> **TASK TO CARRY OUT**
Scan the entries below for the word "Cover". Copy out every line in which it occurs.

> **EXERCISE MATERIAL**
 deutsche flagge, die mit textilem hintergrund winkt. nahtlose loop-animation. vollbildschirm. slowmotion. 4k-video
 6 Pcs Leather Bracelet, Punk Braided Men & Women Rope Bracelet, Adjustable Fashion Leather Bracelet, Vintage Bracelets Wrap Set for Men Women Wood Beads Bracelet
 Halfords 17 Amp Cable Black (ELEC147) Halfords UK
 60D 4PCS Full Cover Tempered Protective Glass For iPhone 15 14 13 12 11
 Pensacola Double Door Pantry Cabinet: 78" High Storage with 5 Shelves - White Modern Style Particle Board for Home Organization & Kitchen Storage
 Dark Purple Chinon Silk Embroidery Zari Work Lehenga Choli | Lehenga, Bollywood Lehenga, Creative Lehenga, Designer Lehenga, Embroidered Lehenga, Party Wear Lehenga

...

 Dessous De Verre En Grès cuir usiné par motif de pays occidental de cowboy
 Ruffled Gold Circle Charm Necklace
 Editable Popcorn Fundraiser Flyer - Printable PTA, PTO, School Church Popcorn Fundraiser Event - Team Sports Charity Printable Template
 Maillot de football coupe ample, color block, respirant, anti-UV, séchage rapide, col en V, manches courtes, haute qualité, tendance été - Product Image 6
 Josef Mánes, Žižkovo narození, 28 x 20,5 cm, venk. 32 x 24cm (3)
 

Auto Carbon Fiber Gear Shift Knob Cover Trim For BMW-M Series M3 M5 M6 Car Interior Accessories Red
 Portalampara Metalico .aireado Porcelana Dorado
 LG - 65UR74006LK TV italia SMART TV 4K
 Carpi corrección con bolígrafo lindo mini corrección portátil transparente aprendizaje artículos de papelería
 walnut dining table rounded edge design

...

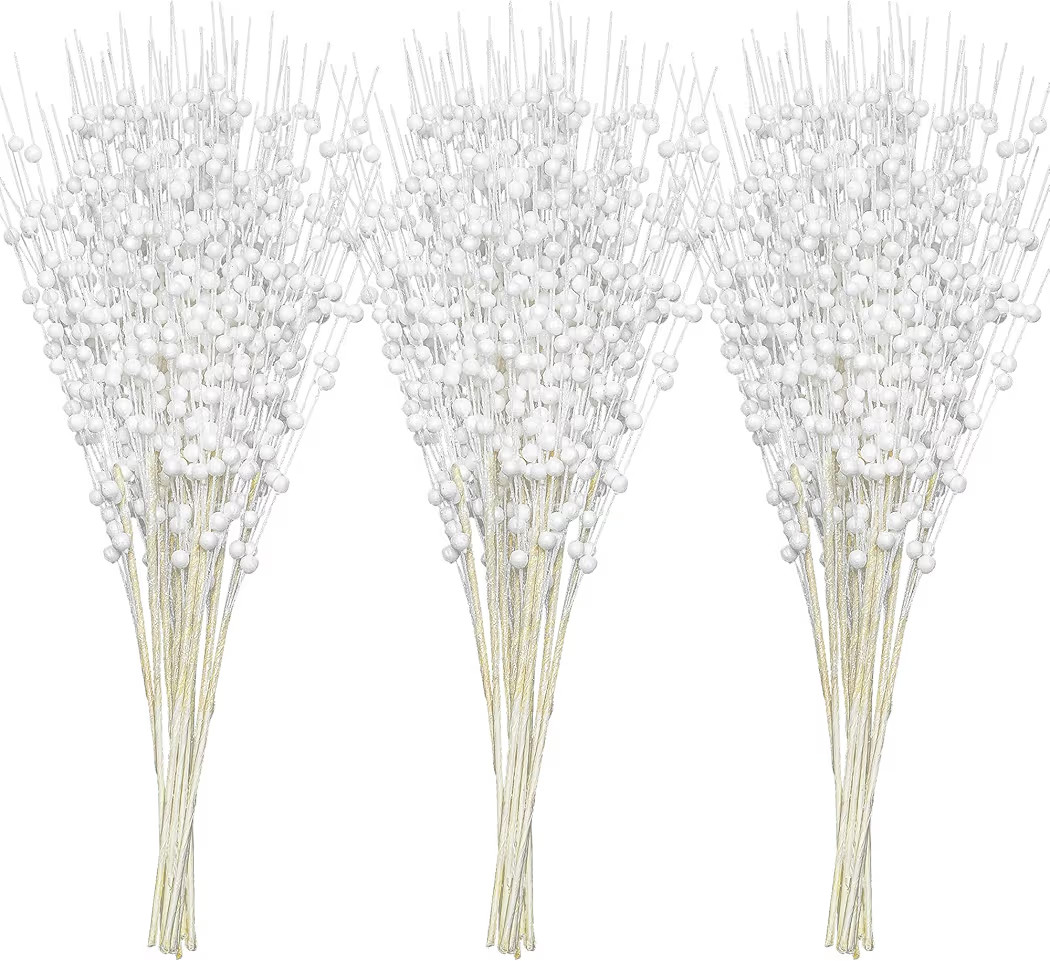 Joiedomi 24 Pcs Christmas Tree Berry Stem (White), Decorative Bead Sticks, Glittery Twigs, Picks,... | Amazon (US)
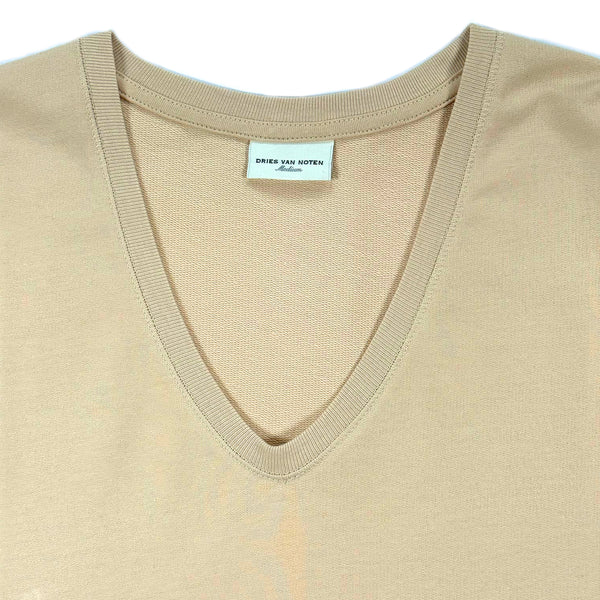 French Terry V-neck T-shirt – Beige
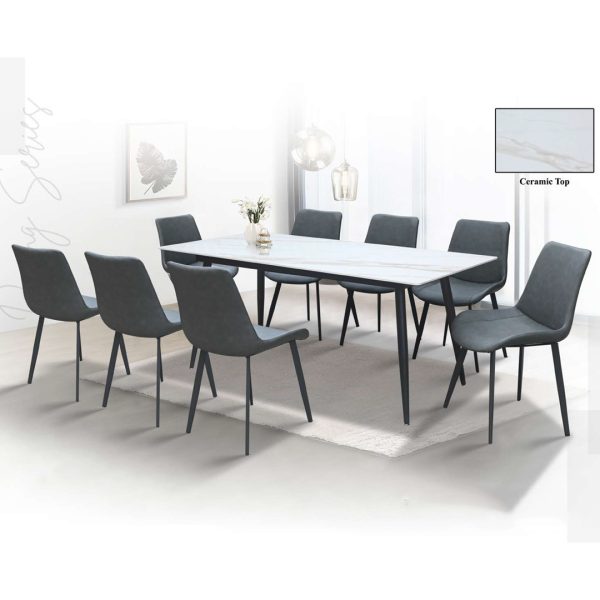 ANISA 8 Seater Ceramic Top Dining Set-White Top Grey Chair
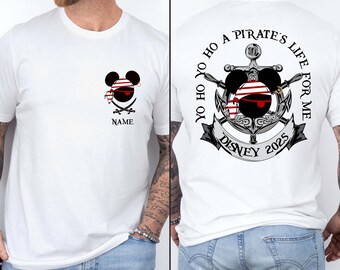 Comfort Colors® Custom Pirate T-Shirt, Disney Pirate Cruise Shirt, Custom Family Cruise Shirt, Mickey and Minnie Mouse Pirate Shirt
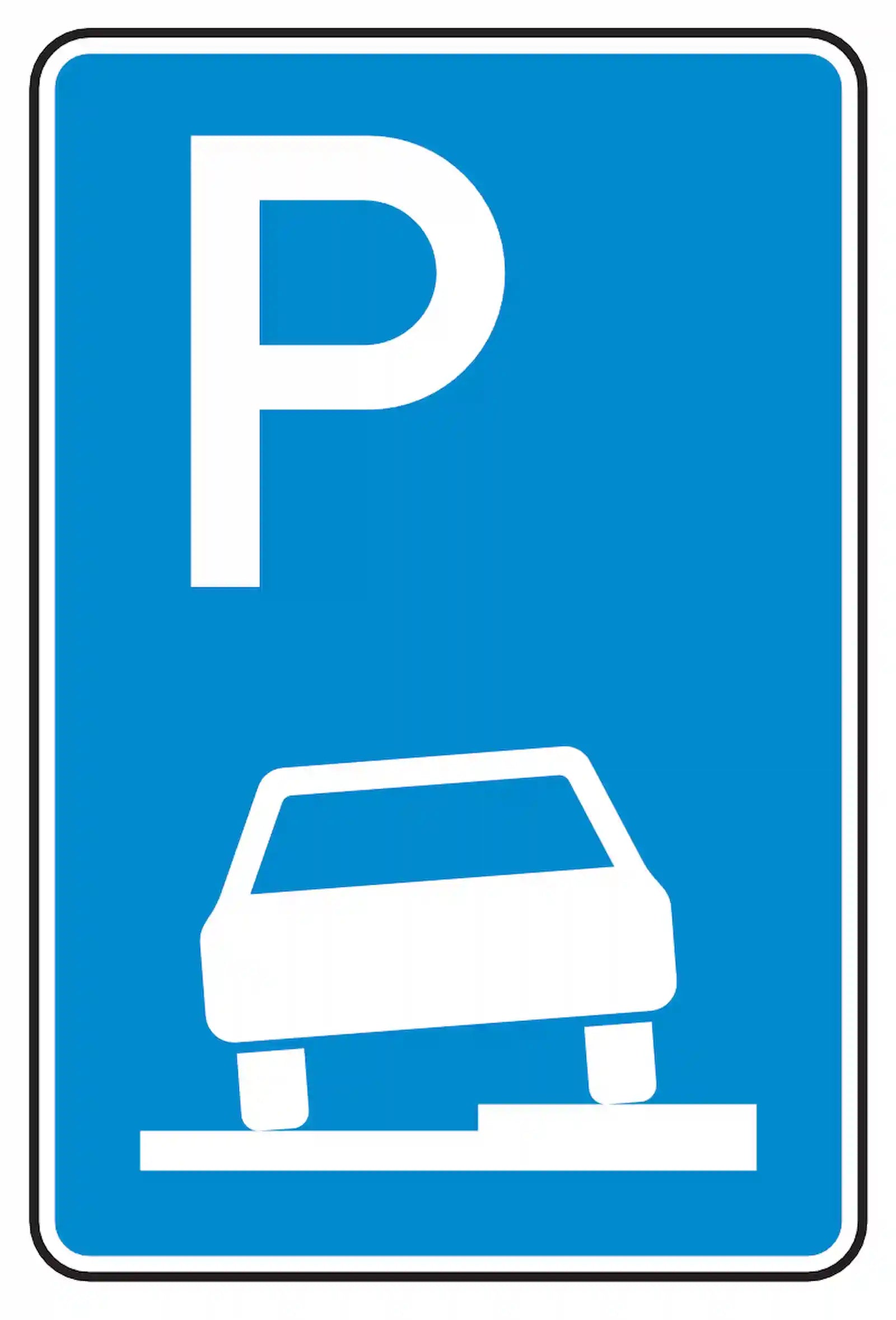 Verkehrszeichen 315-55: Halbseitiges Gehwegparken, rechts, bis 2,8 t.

> **COMPLETED TASK**
 60D 4PCS Full Cover Tempered Protective Glass For iPhone 15 14 13 12 11
Auto Carbon Fiber Gear Shift Knob Cover Trim For BMW-M Series M3 M5 M6 Car Interior Accessories Red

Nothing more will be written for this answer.